**YOUR ASSIGNMENT**
Retype all of the listing exactly, with no pictures.

**COLLECTED DATA**
BEGIN

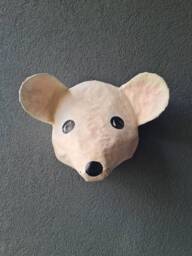 Paper Mache Mouse Head, Gil. Sweet & Quirky Creature, Cute Wall Decor - thumbnail 1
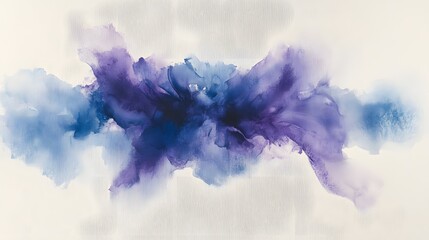 Wall Mural - Abstract Blue and Purple Watercolor Cloud Formation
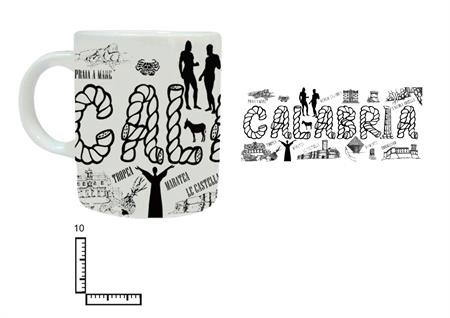 MUG SUBLIMAZIONE BIANCO CM10 BIANCO/NERO CALABRIA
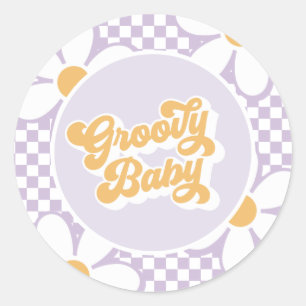 Groovy Baby Purple Daisy Chequered Classic Round Sticker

END

**YOUR SOLUTION**
 Paper Mache Mouse Head, Gil. Sweet & Quirky Creature, Cute Wall Decor - thumbnail 1
 Wall Mural - Abstract Blue and Purple Watercolor Cloud Formation
 MUG SUBLIMAZIONE BIANCO CM10 BIANCO/NERO CALABRIA
 Groovy Baby Purple Daisy Chequered Classic Round Sticker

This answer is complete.